How to complete this task =>
Type out every line below exactly as it reads.

▬▬▬▬▬▬▬▬▬▬

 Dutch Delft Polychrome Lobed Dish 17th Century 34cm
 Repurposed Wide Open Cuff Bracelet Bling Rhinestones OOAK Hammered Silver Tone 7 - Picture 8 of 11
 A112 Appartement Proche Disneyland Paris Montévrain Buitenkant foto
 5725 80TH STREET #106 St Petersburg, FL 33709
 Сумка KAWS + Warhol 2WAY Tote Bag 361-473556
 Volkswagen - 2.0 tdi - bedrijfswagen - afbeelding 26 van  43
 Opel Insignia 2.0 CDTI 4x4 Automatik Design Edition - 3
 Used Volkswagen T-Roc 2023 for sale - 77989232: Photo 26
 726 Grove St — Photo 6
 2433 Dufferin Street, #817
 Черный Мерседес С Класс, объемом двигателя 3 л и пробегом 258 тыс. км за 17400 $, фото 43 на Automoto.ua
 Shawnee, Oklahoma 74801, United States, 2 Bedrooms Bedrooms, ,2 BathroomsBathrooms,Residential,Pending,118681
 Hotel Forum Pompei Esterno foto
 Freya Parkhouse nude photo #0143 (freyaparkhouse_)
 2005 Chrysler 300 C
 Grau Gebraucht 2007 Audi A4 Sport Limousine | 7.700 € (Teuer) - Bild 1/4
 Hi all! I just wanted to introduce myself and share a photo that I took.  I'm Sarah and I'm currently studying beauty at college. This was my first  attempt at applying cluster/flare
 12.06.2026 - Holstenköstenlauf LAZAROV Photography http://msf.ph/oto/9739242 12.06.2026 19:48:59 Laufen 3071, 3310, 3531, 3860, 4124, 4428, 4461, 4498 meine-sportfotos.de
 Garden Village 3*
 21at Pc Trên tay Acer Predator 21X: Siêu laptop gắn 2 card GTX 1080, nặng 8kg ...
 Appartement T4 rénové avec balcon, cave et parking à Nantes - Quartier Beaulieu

▬▬▬▬▬▬▬▬▬▬

Task response =>
 Dutch Delft Polychrome Lobed Dish 17th Century 34cm
 Repurposed Wide Open Cuff Bracelet Bling Rhinestones OOAK Hammered Silver Tone 7 - Picture 8 of 11
 A112 Appartement Proche Disneyland Paris Montévrain Buitenkant foto
 5725 80TH STREET #106 St Petersburg, FL 33709
 Сумка KAWS + Warhol 2WAY Tote Bag 361-473556
 Volkswagen - 2.0 tdi - bedrijfswagen - afbeelding 26 van  43
 Opel Insignia 2.0 CDTI 4x4 Automatik Design Edition - 3
 Used Volkswagen T-Roc 2023 for sale - 77989232: Photo 26
 726 Grove St — Photo 6
 2433 Dufferin Street, #817
 Черный Мерседес С Класс, объемом двигателя 3 л и пробегом 258 тыс. км за 17400 $, фото 43 на Automoto.ua
 Shawnee, Oklahoma 74801, United States, 2 Bedrooms Bedrooms, ,2 BathroomsBathrooms,Residential,Pending,118681
 Hotel Forum Pompei Esterno foto
 Freya Parkhouse nude photo #0143 (freyaparkhouse_)
 2005 Chrysler 300 C
 Grau Gebraucht 2007 Audi A4 Sport Limousine | 7.700 € (Teuer) - Bild 1/4
 Hi all! I just wanted to introduce myself and share a photo that I took.  I'm Sarah and I'm currently studying beauty at college. This was my first  attempt at applying cluster/flare
 12.06.2026 - Holstenköstenlauf LAZAROV Photography http://msf.ph/oto/9739242 12.06.2026 19:48:59 Laufen 3071, 3310, 3531, 3860, 4124, 4428, 4461, 4498 meine-sportfotos.de
 Garden Village 3*
 21at Pc Trên tay Acer Predator 21X: Siêu laptop gắn 2 card GTX 1080, nặng 8kg ...
 Appartement T4 rénové avec balcon, cave et parking à Nantes - Quartier Beaulieu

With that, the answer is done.